> _Problem requirements_
This exercise calls for the data below to be retyped exactly, minus any images.

> _Data segment_

----

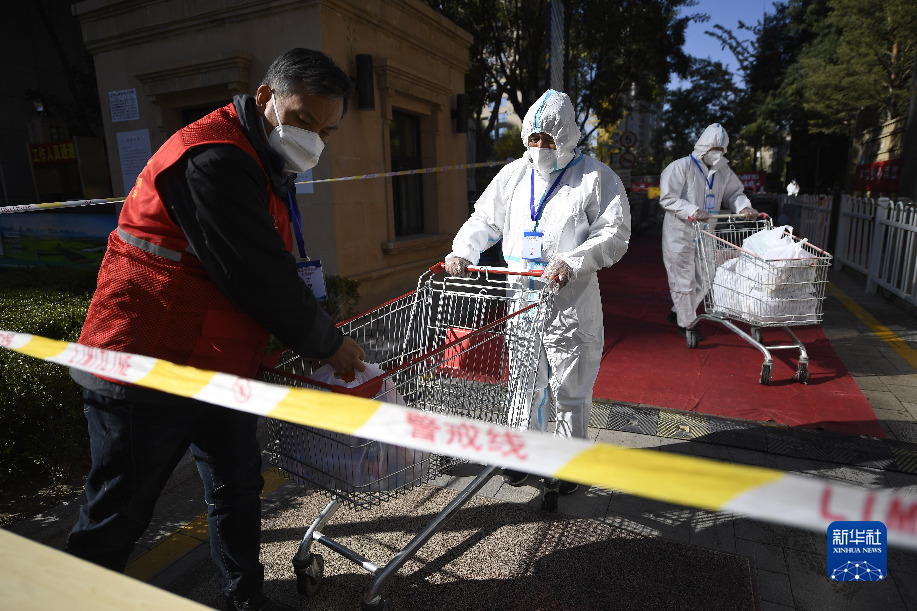 直击银川疫情防控现场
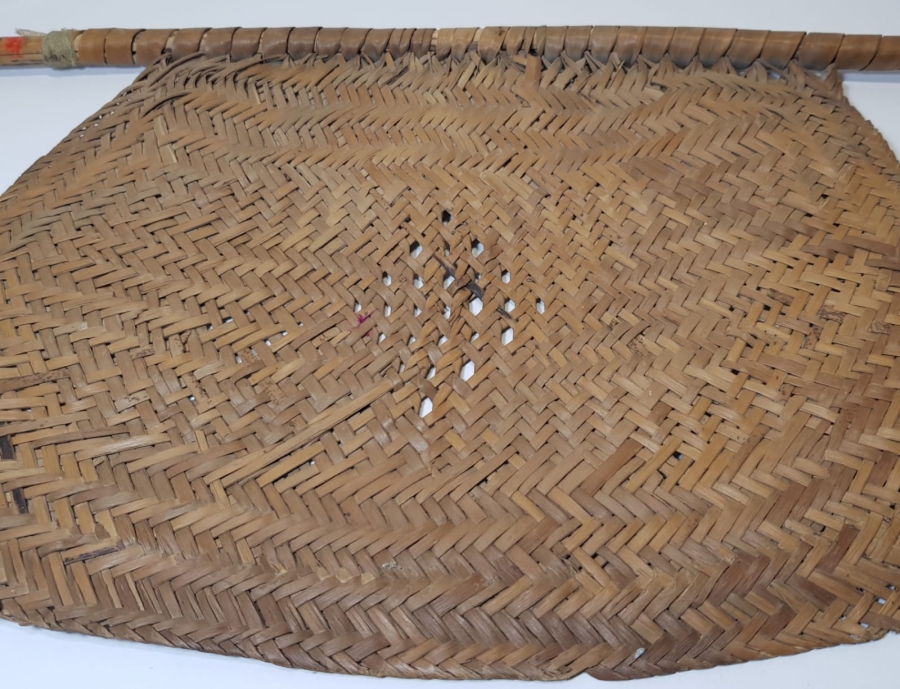 OSMANLI DÖNEMİ TEKKE İŞİ HASIR YELPAZE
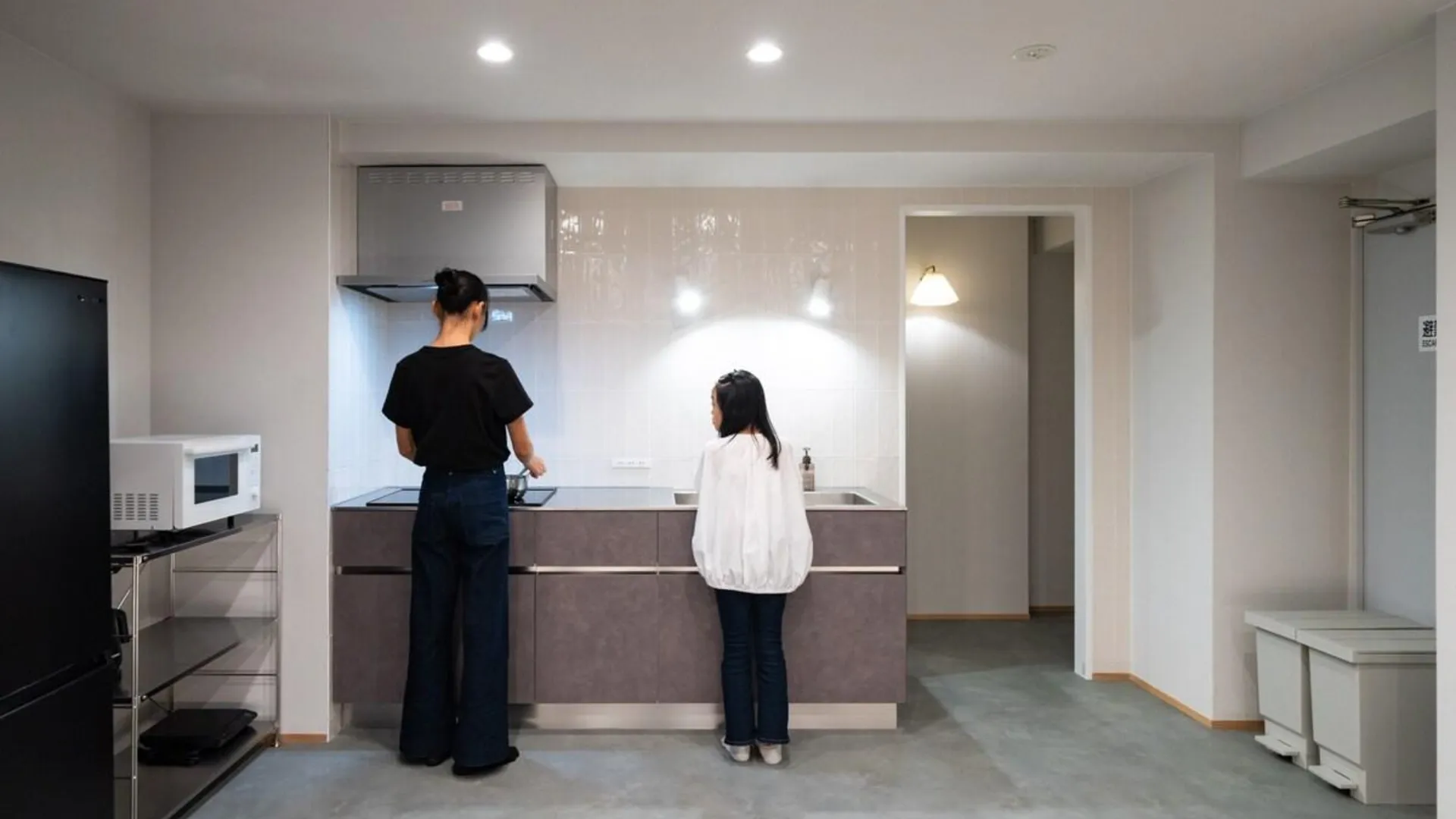 오사카 주소의 프라이빗 하우스 (m², 침실 1개, 프라이빗 욕실 1개) 3성급 게스트하우스 레스토랑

----

> _Result_
 直击银川疫情防控现场
 OSMANLI DÖNEMİ TEKKE İŞİ HASIR YELPAZE
 오사카 주소의 프라이빗 하우스 (m², 침실 1개, 프라이빗 욕실 1개) 3성급 게스트하우스 레스토랑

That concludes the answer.